(Data shown)

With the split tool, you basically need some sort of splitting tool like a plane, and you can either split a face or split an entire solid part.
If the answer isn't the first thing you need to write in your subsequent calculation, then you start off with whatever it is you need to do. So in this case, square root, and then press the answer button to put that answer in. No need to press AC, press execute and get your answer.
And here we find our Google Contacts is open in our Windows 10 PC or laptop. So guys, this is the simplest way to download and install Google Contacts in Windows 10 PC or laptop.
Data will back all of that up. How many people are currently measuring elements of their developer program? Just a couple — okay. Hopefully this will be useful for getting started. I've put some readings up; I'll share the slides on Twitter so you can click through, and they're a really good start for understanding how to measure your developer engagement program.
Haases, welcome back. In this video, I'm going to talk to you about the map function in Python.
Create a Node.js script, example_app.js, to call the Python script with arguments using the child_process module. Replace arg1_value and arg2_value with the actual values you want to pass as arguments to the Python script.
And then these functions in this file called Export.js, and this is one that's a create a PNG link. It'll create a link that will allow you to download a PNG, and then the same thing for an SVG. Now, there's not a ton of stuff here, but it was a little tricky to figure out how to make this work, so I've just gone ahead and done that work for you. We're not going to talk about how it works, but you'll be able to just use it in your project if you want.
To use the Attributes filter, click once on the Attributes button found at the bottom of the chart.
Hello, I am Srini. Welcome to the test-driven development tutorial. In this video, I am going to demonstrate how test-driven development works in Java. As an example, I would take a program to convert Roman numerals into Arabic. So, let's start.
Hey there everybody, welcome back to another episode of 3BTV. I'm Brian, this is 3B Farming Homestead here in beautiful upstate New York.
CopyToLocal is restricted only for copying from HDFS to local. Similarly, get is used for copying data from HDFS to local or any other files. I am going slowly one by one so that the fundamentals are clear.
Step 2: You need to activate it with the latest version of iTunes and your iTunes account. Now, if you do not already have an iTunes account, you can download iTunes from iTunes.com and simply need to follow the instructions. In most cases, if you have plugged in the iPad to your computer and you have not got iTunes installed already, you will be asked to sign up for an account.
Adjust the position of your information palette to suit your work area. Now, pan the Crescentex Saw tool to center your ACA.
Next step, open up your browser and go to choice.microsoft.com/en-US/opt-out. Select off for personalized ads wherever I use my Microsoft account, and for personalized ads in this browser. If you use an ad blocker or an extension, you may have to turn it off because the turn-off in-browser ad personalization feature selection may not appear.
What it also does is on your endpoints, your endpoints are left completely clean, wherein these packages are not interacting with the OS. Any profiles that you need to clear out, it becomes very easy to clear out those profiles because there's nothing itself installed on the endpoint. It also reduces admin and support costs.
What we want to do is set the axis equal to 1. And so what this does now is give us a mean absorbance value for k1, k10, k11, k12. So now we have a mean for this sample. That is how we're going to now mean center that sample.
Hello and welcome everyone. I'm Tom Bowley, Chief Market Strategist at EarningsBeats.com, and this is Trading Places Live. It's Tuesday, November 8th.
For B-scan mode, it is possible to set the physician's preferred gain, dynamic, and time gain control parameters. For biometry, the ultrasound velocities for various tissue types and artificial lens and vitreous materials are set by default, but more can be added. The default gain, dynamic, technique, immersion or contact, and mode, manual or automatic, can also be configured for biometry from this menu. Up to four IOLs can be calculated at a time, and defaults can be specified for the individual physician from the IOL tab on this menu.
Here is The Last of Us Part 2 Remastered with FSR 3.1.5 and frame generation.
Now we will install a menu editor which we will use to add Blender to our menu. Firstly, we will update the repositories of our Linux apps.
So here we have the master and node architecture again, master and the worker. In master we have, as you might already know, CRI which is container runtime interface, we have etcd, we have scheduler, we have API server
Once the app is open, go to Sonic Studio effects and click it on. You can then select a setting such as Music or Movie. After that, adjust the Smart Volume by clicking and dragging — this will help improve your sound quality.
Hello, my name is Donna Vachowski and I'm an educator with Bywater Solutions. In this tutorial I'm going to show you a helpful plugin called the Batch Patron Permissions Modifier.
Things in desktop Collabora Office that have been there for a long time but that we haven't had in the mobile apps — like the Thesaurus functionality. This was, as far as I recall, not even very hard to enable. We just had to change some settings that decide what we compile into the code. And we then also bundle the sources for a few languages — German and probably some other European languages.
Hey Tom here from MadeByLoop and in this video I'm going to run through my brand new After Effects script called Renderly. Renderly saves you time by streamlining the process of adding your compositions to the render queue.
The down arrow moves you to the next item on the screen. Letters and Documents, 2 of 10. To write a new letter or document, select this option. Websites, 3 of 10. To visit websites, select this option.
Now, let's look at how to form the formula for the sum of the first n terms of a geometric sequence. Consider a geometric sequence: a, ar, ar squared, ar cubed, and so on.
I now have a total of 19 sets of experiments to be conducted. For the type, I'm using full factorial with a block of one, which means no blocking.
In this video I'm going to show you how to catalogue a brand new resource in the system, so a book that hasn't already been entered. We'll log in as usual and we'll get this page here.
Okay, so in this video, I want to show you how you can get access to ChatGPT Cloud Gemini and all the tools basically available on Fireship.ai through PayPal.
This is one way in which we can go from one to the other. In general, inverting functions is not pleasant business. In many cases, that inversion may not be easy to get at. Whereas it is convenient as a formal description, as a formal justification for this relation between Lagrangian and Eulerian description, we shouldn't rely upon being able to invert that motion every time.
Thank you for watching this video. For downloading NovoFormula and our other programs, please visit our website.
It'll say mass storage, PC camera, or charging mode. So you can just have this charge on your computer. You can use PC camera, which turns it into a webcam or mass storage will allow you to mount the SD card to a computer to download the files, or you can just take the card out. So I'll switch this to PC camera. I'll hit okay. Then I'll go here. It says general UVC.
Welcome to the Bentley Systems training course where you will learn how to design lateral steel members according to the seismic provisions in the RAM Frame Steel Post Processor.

(End Data shown)

Exercise details - Filter the entries down to the lines with the word "easy" in them, and copy those lines.

Response for this exercise -
What it also does is on your endpoints, your endpoints are left completely clean, wherein these packages are not interacting with the OS. Any profiles that you need to clear out, it becomes very easy to clear out those profiles because there's nothing itself installed on the endpoint. It also reduces admin and support costs.
This is one way in which we can go from one to the other. In general, inverting functions is not pleasant business. In many cases, that inversion may not be easy to get at. Whereas it is convenient as a formal description, as a formal justification for this relation between Lagrangian and Eulerian description, we shouldn't rely upon being able to invert that motion every time.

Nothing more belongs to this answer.